## [SOURCE DATA]
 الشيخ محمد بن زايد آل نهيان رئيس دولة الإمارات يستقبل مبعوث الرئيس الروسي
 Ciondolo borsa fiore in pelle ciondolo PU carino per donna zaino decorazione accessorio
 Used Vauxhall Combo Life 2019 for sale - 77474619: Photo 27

--

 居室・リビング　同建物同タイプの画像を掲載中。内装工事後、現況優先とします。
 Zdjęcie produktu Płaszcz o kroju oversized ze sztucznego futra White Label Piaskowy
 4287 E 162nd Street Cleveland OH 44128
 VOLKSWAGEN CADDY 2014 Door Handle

## [TASK]
Where the data above reaches the line holding "Zdjęcie produktu Płaszcz", begin printing, and stop after the line holding "VOLKSWAGEN CADDY 2014 Door Handle". Each line must be reproduced exactly, with nothing else added.

## [TASK SOLUTION]
 Zdjęcie produktu Płaszcz o kroju oversized ze sztucznego futra White Label Piaskowy
 4287 E 162nd Street Cleveland OH 44128
 VOLKSWAGEN CADDY 2014 Door Handle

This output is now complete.